HERMOSA BEACH — Property owners may be asked to pay a special tax for police, fire and paramedic services, and the Police and Fire departments may come under the direction of a single public safety director if the City Council approves two proposals submitted this week.
The council gave conceptual approval to a ballot measure proposed by the Police Department that would create a special property tax, tentatively set at $182 a year for each dwelling unit in the city. The measure, if formally approved by the council at its next meeting, will appear on the ballot in June.
Meanwhile, in an effort to cut costs in the Police and Fire departments, City Manager Gregory Meyer proposed that the council abolish the police and fire chief positions and create a director of public safety to oversee both departments.
The reshuffling of duties could save the city thousands of dollars and could begin as early as July, according to a report prepared by Meyer. The council directed Meyer to study the idea further and to draft a specific proposal for the change.
The proposals are part of ongoing efforts to cut costs and develop new sources of revenue. In the past few months, the council has approved more than $200,000 in cuts, including the elimination of three positions in the Police Department.
The city has been without a permanent fire chief since Ronald Simmons resigned last July, and there is no qualified candidate within the 17-man department for the job, Meyer said.

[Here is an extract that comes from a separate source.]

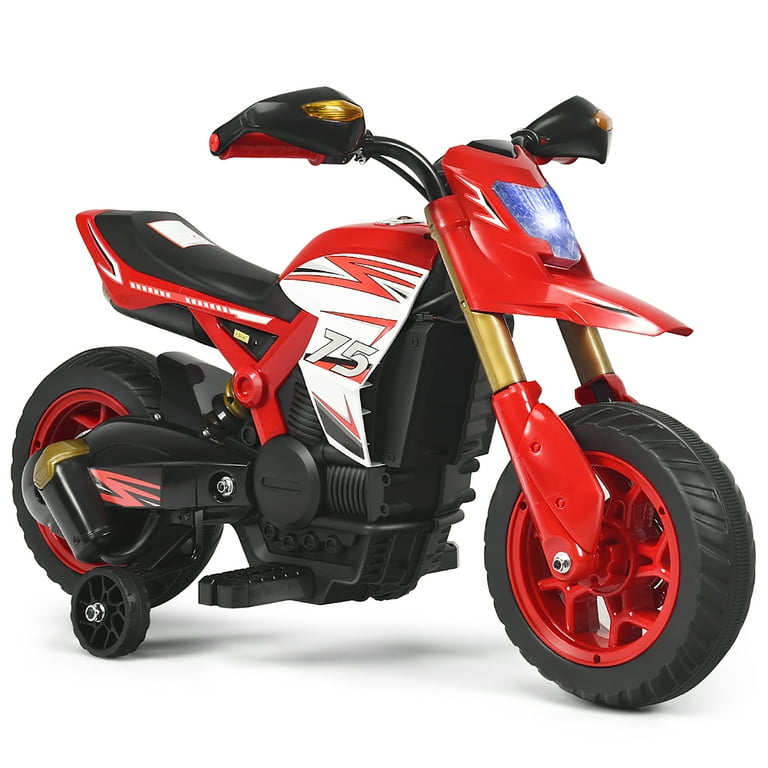 6v shop electric motorbike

A full-time fire chief would cost the city $77,650 a year in salary and benefits, he said.
Chief Could Be Promoted
Police Chief Frank Beeson, whose five-year tenure with the city has been marred by two suspensions for being intoxicated while on duty, said after the council meeting Tuesday that he had not considered the public safety proposal and did not know how he would fit into the picture if the police chief position were abolished.
City officials said there were rumors at City Hall this week that the proposal was designed to force Beeson out, but Mayor Jack Wood said Wednesday that, if anything, the proposal would probably result in a promotion for the police chief.
"It has nothing to do with Beeson's performance. It is strictly to save money," Wood said. "I assume he would be the man who would end up running the place."
Wally Moore, who heads the police officers' association, said the 34-officer department has taken no formal position on the proposal to create a public safety director, but he said the association would stand behind Beeson if he sought the job.
Problems 'Behind Him'
Last March, shortly after Beeson was suspended for the second time, a majority of the officers in the association voted that they had no confidence in the police chief. However, Moore said this week that Beeson, who checked himself into an alcohol recovery program after the suspension, now enjoys the full support of the department.
"Those problems are well behind him," Moore said. "We are totally supportive of his administrative capability. There was never any question as to his professional abilities."
The proposed ballot measure would require approval by two-thirds of the voters. The Police Department estimates that the new tax would provide about $1.6 million in revenue a year. Currently, combined expenditures for police, fire and paramedic services in the city total $3.6 million, about half of which comes from property taxes.
Beeson, who acknowledged that it would be difficult to persuade voters to voluntarily increase taxes, said the city's financial problems have hit the Police Department very hard. He said the department has lost seven of its 41 positions to budget cuts since he became chief five years ago.
"It is the only alternative available to us," he said. "If we go ahead with this, we would need to promote the need for such a thing."
Although several council members said they oppose the proposed tax, the council voted to have staff review the proposal and return at the next meeting with a financial analysis of the measure and several variations of how it could be worded on the ballot. The staff also was directed to consider a tax lower than the $182 proposed by the Police Department.
"I think people ought to have the opportunity to vote if they want an increase in the Police Department and Fire Department," said Councilman Tony DeBellis.
Councilman John Cioffi noted that police, fire and paramedic services cost the city twice what it collects each year in property taxes. "Something has to give," he said.